Blue Streets (Vincent Jaramillo, USA, 10m)
Blue Streets is a short documentary focused on post-Katrina street musicians struggling to keep the “traditions of New Orleans alive.” Set against the backdrop of the French Quarter to the 9th Ward, people from diverse backgrounds share the struggles and hopes of being a successful musician on Bourbon Street. Native residents, professional musicians, struggling performers, and international immigrants reflect on the revitalization of the NoLa music scene, survival, art, and life. “Some people don’t know they have the blues until they hear the blues”
Break (Nicholas Moss, UK, 21m)
An elderly couple befriend a young family following a shaky encounter. This is a deeply affecting and beautiful drama starring multi award winning, and twice Oscar nominated actor Sir John Hurt, which deals with difficult and pertinent issues. Not without wry humour, this uniquely lyrical drama is bound to move it’s audience in a profound and visceral way, across all generations, as it’s themes resonate equally with both young adults and those in the twilight of their lives. A wonderfully human film with a huge heart.
Breathe (James Doherty, UK, 15m)
Breathe follows Patrick (29), a bare knuckle fighting Traveller (JOHN CONNORS) who becomes increasingly concerned with his young son Francie’s femininity. The film questions how far a man is willing to defend his family name when the one threatening his legacy is his own son. Does he have the capacity to change and accept him?
Breathe (Paul Kowalski, USA, 23m)
Dr. Filip Kardel is an ambitious Polish neurosurgeon working in America, struggling to cope with the loss of his wife, Ania. As the memories of her untimely death and his neglecting her in favor of his career continue to haunt him, will he be able to escape the prison of his grief and guilt, or will it destroy him?
Busker (Trevor Hardy, UK, 1m)
A little busker gets more from a stranger than money. This lovely little stopmotion animation is from multi award winning animator, Trevor Hardy.
Cage (Pengpeng Du, China, 5m)
Life is liberty in a CAGE. CAGE represents a situation that is filled with a lot of constraints, or a habit or an addiction that is hard to get rid of. This project is to present a Chinese cultural and traditional visual style to audiences. On the other hand, CAGE tries to inspire them to recall their memory and consider what is the meaning of life to them individually.
Charlie Cloudhead (Rupert Cresswell, UK, 8m)
A risk averse man bottles up his problems into a cloud floating permanently above his head.

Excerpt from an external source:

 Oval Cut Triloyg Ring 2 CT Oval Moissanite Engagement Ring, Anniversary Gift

A tense birthday dinner with his wife finally forces him to confront his issues – with spectacular results.
Contempt (Esmée Walker, UK, 6m)
As a Muslim girl takes photos in picturesque locations, she is unable to avoid the hate spread by ignorance.
Däwit (David Jansen, Germany, 15m)
Däwit is rescued from his violent father and grows up far away from his family among wolves.

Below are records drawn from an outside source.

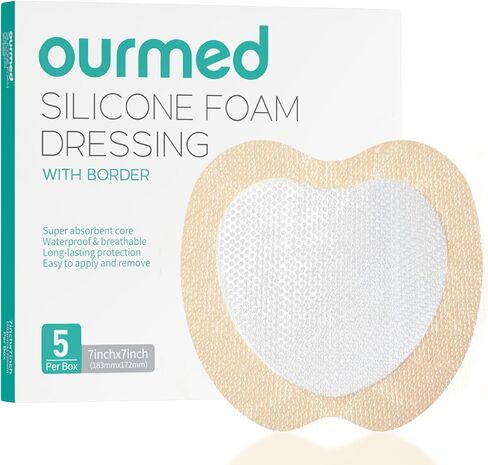 Silicone Foam Dressing with Border Adhesive - Highly Absorbent Waterproof Wound Dressing Bandage for Wound Care, Foot Diabetic Ulcer, Leg Ulcer, 3" x 3", 10 Pack, FSA HSA Eligible in Kuwait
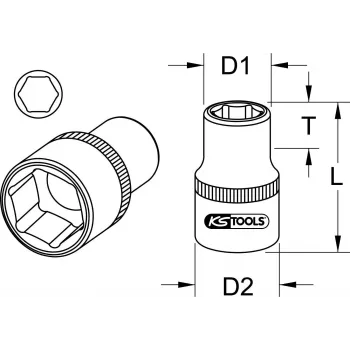 KS TOOLS 1 palec pohon 38mm krátky šesťhranný nástrčný kľúč, 6-hran, chróm-vanád, DIN 3124 911.1038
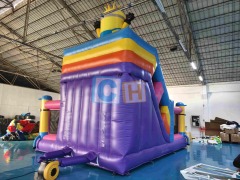 Indoor inflatable playground with bounce slide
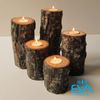 Set 4 Đế Nến Gỗ Wooden Candle Holder 3cm - 5cm - 8m - 11cm Tealight Trang Trí Decor Vintage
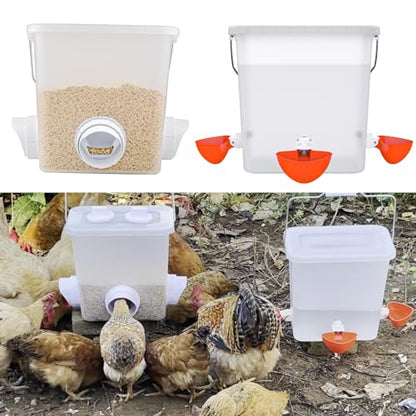 Large Automatic Chicken Feeder and Waterer Set Hanging Chicken Water Feeder Poultry Feed Bucket - color: Frosted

Eddie (John Lynch, UK, 15m)
Alone in an underground facility deep below the mountains, a tired researcher performs endless tests on Eddie, his desperate, mute test subject. With no response from his employers, he juggles running the facility and keeping his sanity whilst all the while doing his best to ignore the ever-growing list of questions in the back of his mind.

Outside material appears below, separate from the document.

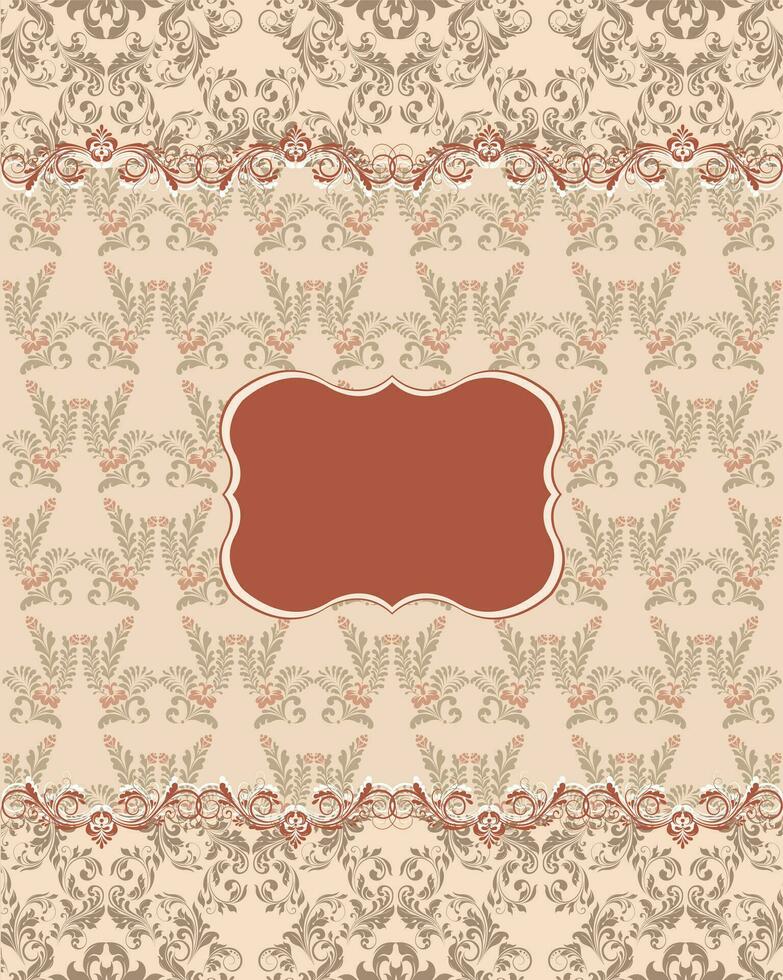 Vintage invitation card with ornate elegant retro abstract floral design vector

Just what is wrong with Eddie anyway? How long does he have to stay down there? And why won’t his employer return his messages? A suspense drama with a black comic streak, dealing with the terrifying and extraordinary in a uniquely British way – not so much ‘guns blazing’ as ‘putting the kettle on, and pretending none of this is happening’
Egg (Alice Trueman, UK, 5m)
‘Egg’ is an absurd comedy about friendship and expecting the unexpected. Ivy and Margaret meet for tea, same time, same place, everyday. But today Ivy has some important news
Ernest (Henning M. Lederer, Germany, 1m)
Please welcome Ernest!
Ferguson, Missouri (James A. Armstrong, UK, 1m)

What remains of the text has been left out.